MUTUAL RELEASE AGREEMENT
THE RELEASE EXTENDED BY MOUNTAINEER/WINNERS: The undersigned,
Mountaineer Park, Inc., and Winner's Entertainment, Inc. (herein
sometimes referred to collectively as "Mountaineer/Winners"), for and in
consideration of the execution and delivery by Xxxxxxx Management &
Development Corp. and The Xxxxxxx Funding Group, Inc. of this Mutual
Release Agreement, and for other good and valuable consideration,
including, but not limited to, $100.00 cash in hand paid by Xxxxxxx
Management & Development Corp. and The Xxxxxxx Funding Group, Inc. to
Mountaineer Park, Inc. and Winner's Entertainment, Inc., the receipt and
sufficiency of all of which are hereby acknowledged, and subject to the
limitations hereinafter set forth, hereby RELEASE and FOREVER DISCHARGE
Xxxxxxx Management & Development Corp., and The Xxxxxxx Funding Group,
Inc., and their officers, directors, shareholders, employees, agents,
servants, attorneys, successors, assigns, insurers, heirs and personal
representatives, subsidiaries, and each and every other corporate or
other type entity affiliated directly or indirectly with The Xxxxxxx
Funding Group, Inc. ("Xxxxxxx affiliated entities"), and also their
officers, directors, shareholders, employees, agents, servants,
attorneys, successors, assigns, insurers, heirs and personal
representatives, of and from any and all claims, suits and causes of
action of whatsoever kind or character Mountaineer/Winners, or either of
them, now has or may hereafter have, by reason of any damages, losses or
expenses incurred or to be incurred and of whatever kind or character by
the undersigned Mountaineer Park, Inc. or Winner's Entertainment, Inc.,
arising from or growing out of or in any way related to (i) the borrower
lender relationship between Mountaineer Park, Inc. and Xxxxxxx Management
& Development Corp., or (ii) the relationships between or among any of
the undersigned or any of the other parties released by this or the
following paragraph ("other relationships") arising by reason of or
growing out of or in any way related to said borrower-lender relationship
between Mountaineer Park, Inc. and Xxxxxxx Management & Development Corp.
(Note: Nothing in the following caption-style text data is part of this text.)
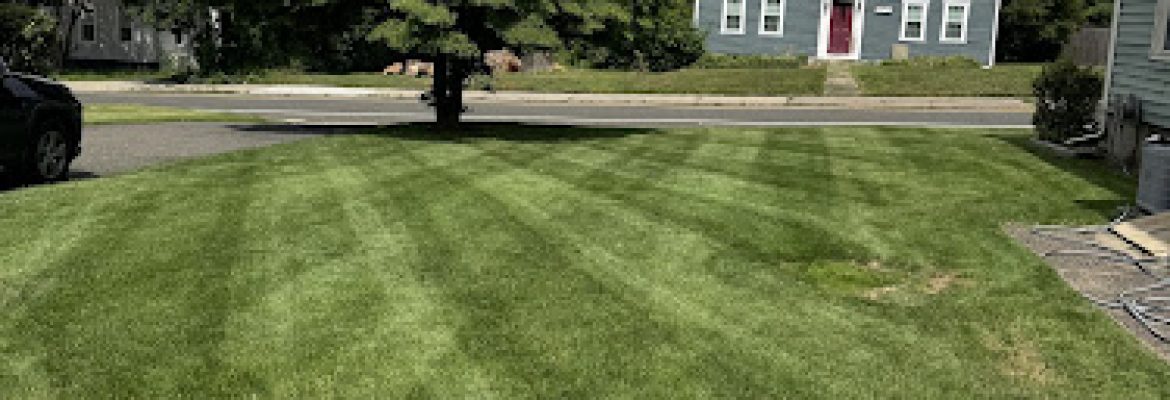 BRG Landscaping LLC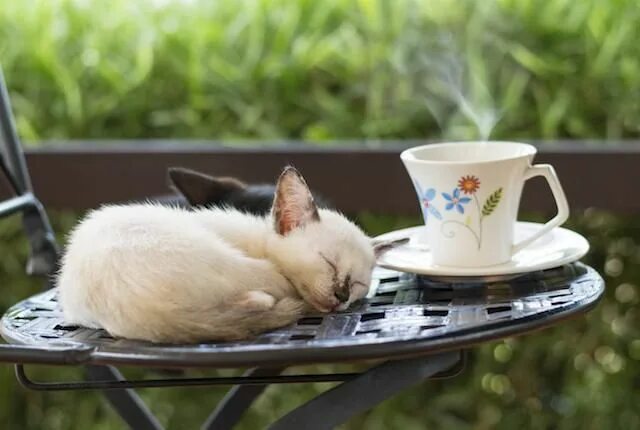 Котики картинки утро позитивные Looking for a New Career? This U.K. Café is Hiring a Cat Nanny Cats, Cat purr, C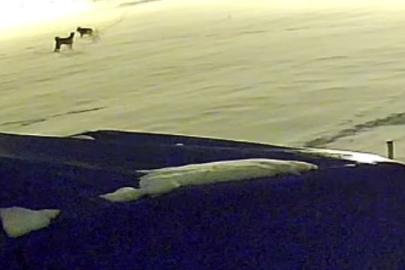 Kurtlarla dövüşen köpekten geriye postu kaldı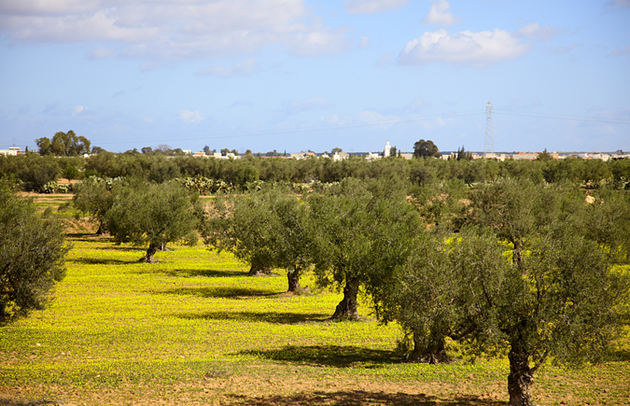 В Крыму высадят первую российскую оливковую рощу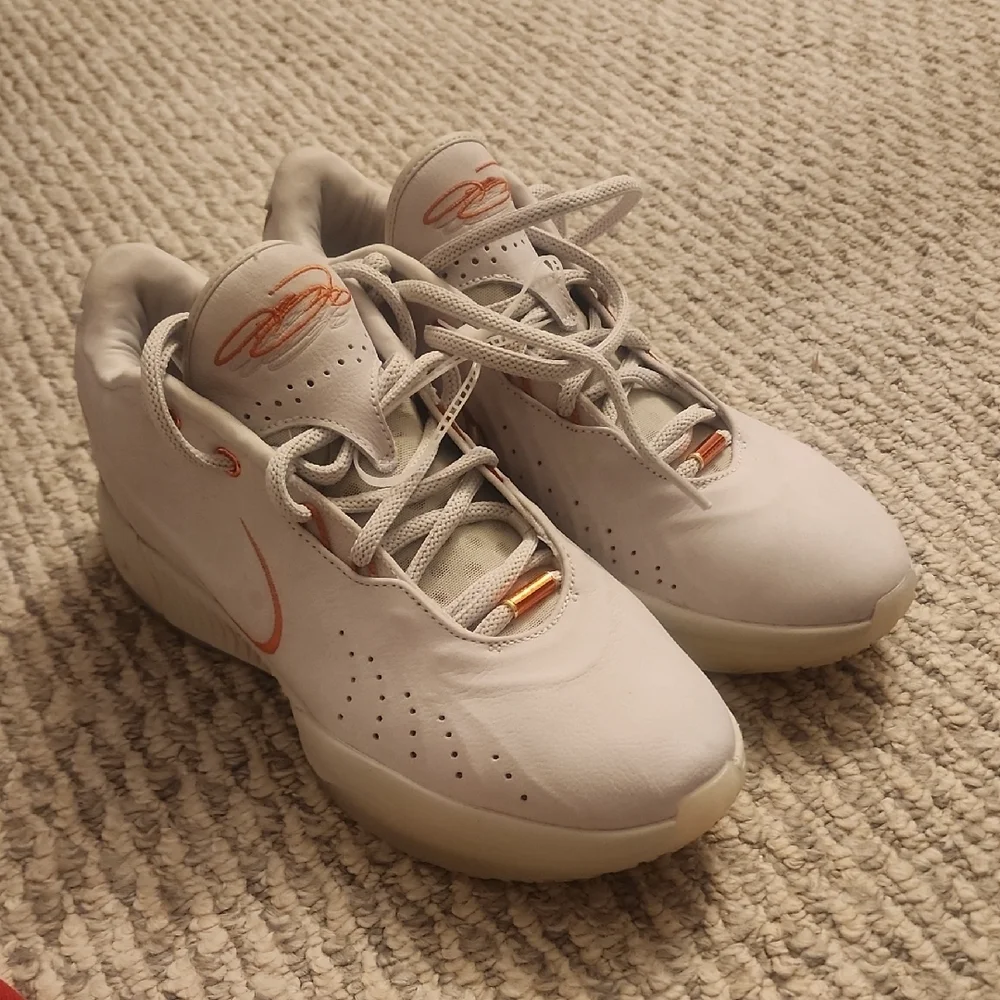 Nike LeBrons 21 Akoya Sneakers Size 10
THE RELEASE EXTENDED BY XXXXXXX/XXXXXXX: The undersigned,
Xxxxxxx: Management & Development Corp. and The Xxxxxxx Funding Group,
Inc. (herein sometimes referred to collectively as "Xxxxxxx/Xxxxxxx"),
for and in consideration of the execution and delivery by Mountaineer
Park, Inc. and Winner's Entertainment, Inc., of this Mutual Release
Agreement, and for other good and valuable consideration, including, but
not limited to, $100.00 cash in hand paid by Mountaineer Park, Inc. and
Winner's Entertainment, Inc. to Xxxxxxx Management & Development Corp.
and to The Xxxxxxx Funding Group, Inc., the receipt and sufficiency of
all of which are hereby acknowledged, and subject to the limitations
hereinafter set forth, hereby RELEASE and FOREVER DISCHARGE Mountaineer
Park, Inc. and Winner's Entertainment, Inc., and their officers,
directors, shareholders, employees, agents, servants, attorneys,
successors, assigns, insurers, heirs and personal representatives,
subsidiaries, and each and every other corporate or other type entity
affiliated directly or indirectly with Winner's Entertainment, Inc.
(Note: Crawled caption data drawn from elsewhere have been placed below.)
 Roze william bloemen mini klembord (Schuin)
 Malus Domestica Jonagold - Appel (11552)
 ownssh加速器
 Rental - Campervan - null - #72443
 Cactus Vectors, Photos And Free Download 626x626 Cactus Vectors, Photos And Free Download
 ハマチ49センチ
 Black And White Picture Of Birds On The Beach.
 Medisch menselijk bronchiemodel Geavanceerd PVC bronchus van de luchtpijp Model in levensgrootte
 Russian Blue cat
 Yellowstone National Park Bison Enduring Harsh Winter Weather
("Winner's affiliated entities"), and also their officers, directors,
shareholders, employees, agents, servants, attorneys, successors,
assigns, insurers, heirs and personal representatives, of and from any
and all claims, suits and causes of action of whatsoever kind or
character Xxxxxxx/Xxxxxxx, or either of them, now has or may hereafter
have, by reason of any damages, losses or expenses incurred or to be
incurred and of whatever kind or character by the undersigned Xxxxxxx
Management & Development Corp. or The Xxxxxxx Funding Group, Inc.,
arising from or growing out of or in any way related to (i) the borrower-
lender relationship between Mountaineer Park, Inc. and Xxxxxxx Management
& Development Corp., or (ii) the relationships between or among any of
the undersigned or any of the other parties released by this or the
preceding paragraph ("other relationships") arising by reason of or
growing out of or in any way related to said borrower-lender relationship
between Mountaineer Park, Inc. and Xxxxxxx Management & Development Corp.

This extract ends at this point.